▶ **Work instruction**:
All lines below must be repeated exactly, with the pictures omitted.
*** The data Section Begins ***
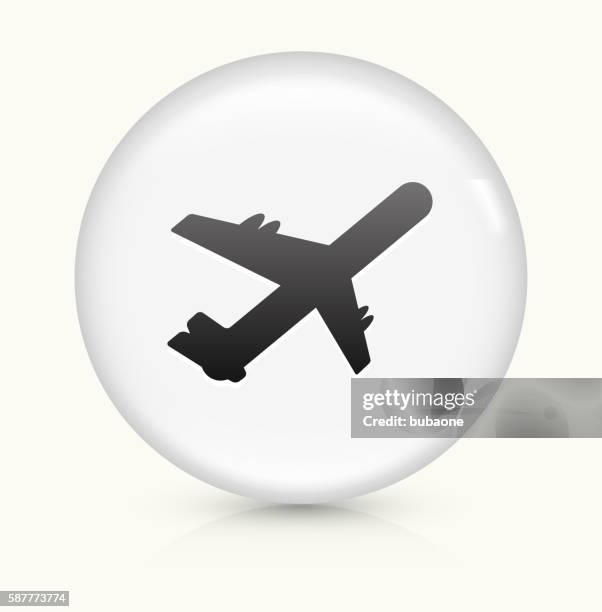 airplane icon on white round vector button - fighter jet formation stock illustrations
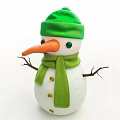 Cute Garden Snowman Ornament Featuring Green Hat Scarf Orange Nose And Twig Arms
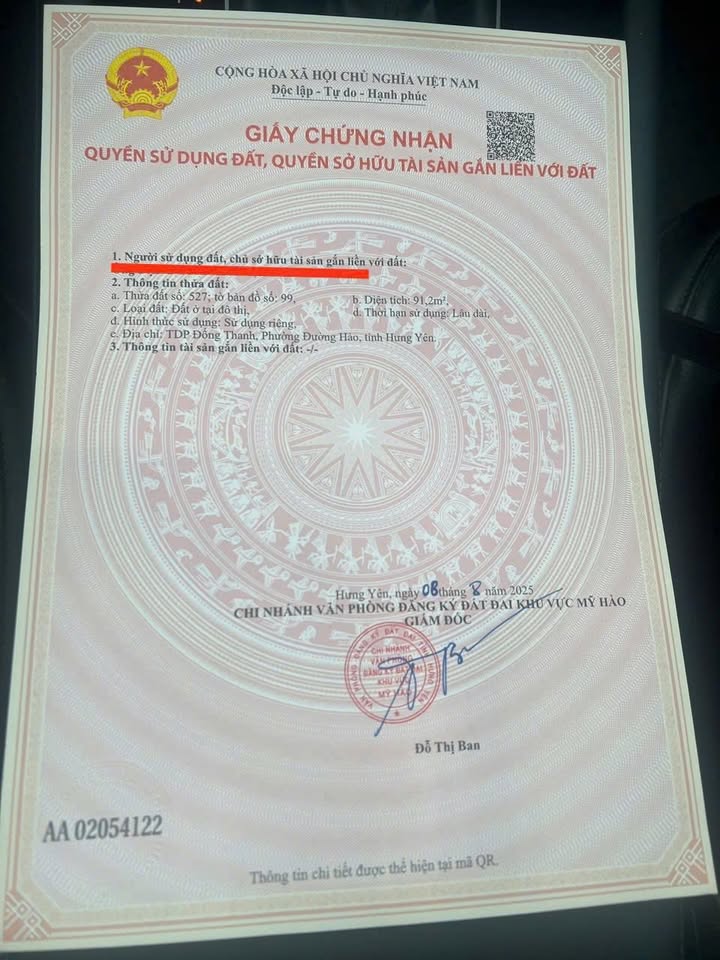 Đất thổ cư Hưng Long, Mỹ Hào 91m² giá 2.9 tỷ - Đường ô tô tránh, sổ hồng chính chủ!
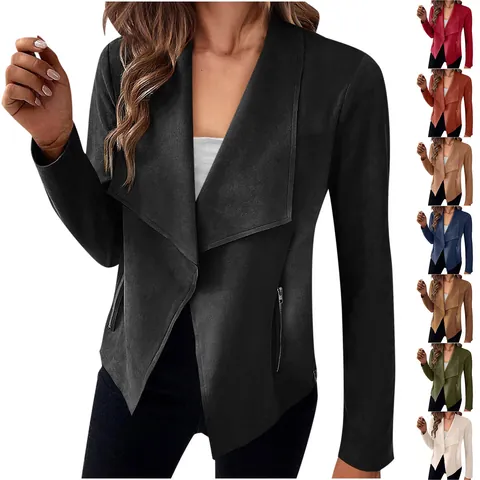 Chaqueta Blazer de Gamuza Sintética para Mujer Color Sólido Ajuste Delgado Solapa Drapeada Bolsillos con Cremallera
*** The data Section Ends ***
▶ **Response**:
 airplane icon on white round vector button - fighter jet formation stock illustrations
 Cute Garden Snowman Ornament Featuring Green Hat Scarf Orange Nose And Twig Arms
 Đất thổ cư Hưng Long, Mỹ Hào 91m² giá 2.9 tỷ - Đường ô tô tránh, sổ hồng chính chủ!
 Chaqueta Blazer de Gamuza Sintética para Mujer Color Sólido Ajuste Delgado Solapa Drapeada Bolsillos con Cremallera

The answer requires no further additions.